> Task details:
Please copy the lines below, exactly as they are, from the one with "Beste eSIM Griechenland ab 0,83 €" through the one with "Sprayground Pink Panther", and leave out the pictures.

> Data provided:
+---+

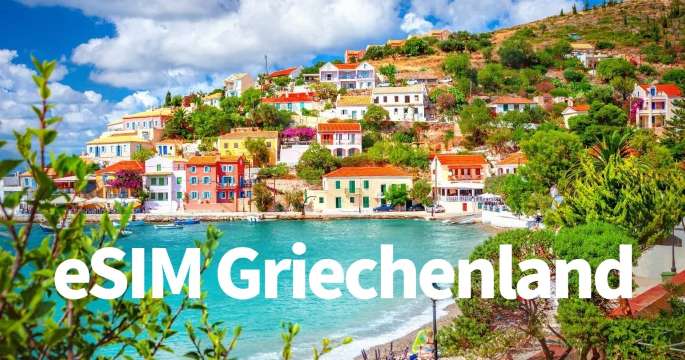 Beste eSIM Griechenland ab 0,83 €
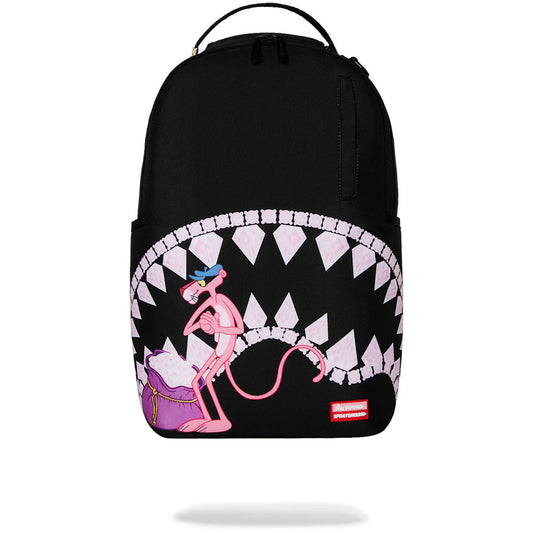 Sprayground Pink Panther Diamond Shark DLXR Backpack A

+---+

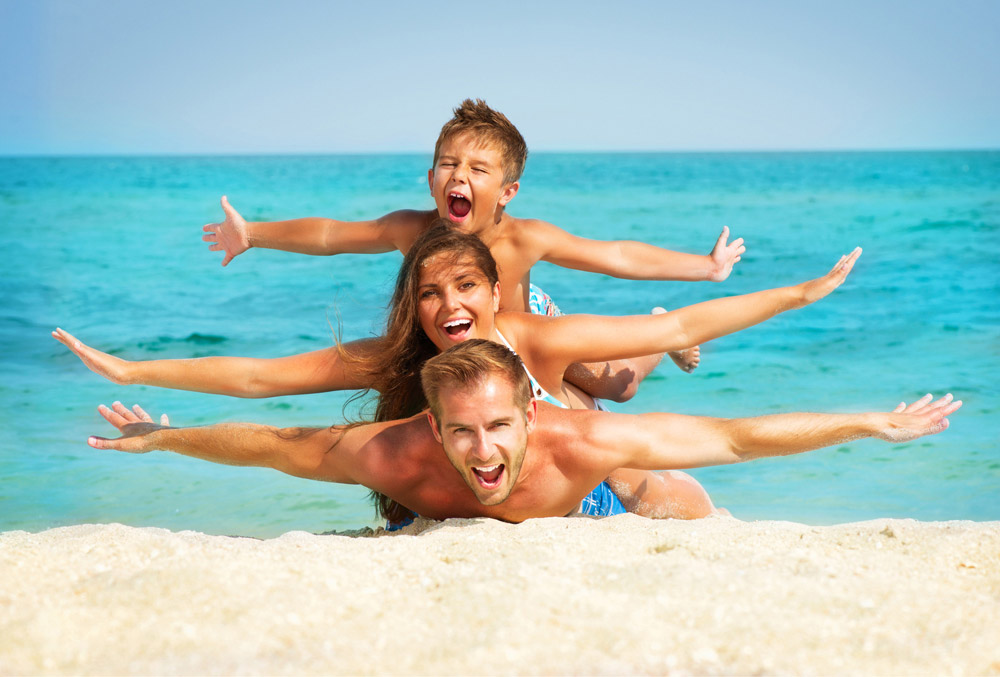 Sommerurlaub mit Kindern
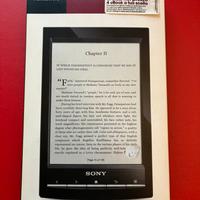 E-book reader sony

+---+

> Solved problem:
 Beste eSIM Griechenland ab 0,83 €
 Sprayground Pink Panther Diamond Shark DLXR Backpack A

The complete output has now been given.